This week Andrew Coyne has been liveblogging the proceedings at the B. C. Human Rights Commission in Vancouver, where his employer, Macleans Magazine, is before the HRC beaucrats to answer Naiyer Habib's complaints about "The Future Belongs to Islam," an article by Mark Steyn published in Macleans, October 20, 2006. Naiyer Habib is the BC board director for the Canadian Islamic Congress, and filed the complaint on behalf of all Muslims in British Columbia.
In an interview with National Review Coyne says:
My hope is that it will go to appeal — in other words, I’m hoping that we lose this at the hearing level and that we appeal it to a proper court of law, as opposed to these quasi-judicial tribunals, and at that proper court of law that we make the constitutional argument that this is an infringement of our charter rights to freedom of the press. I believe that’s what we’ll do if we lose the case.
Other observations by Coyne:
...they have mystifying rules of evidence, if any. They make it up as they go along as to what gets allowed into evidence and what doesn’t. And I’m sure they’re not used to having such scrutiny, with many high-powered lawyers in the room. It’s pretty much a travesty.

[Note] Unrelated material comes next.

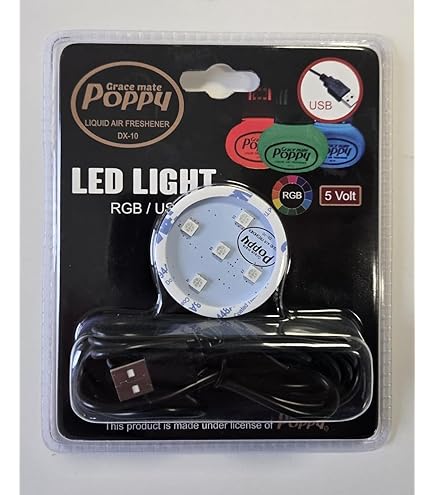 Luchtverfrissers van Poppy Grace Mate De luchtverfrisser voor een frisse geurbeleving Officiële Website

For more buzz in blogland about this, see Free Mark Steyn!
After browsing a few links from FMS, my only comment would be that by challenging Canada's tradition of free speech in this HRC way, Muslims have done themselves way more harm in the Canadian public than an article like Steyn's would do in a dozen years.
(Dr. Mohamed Elmasry writes, on the CIC website about "Smart Integration." I've guess they've just given themselves a lesson in how NOT to do it.)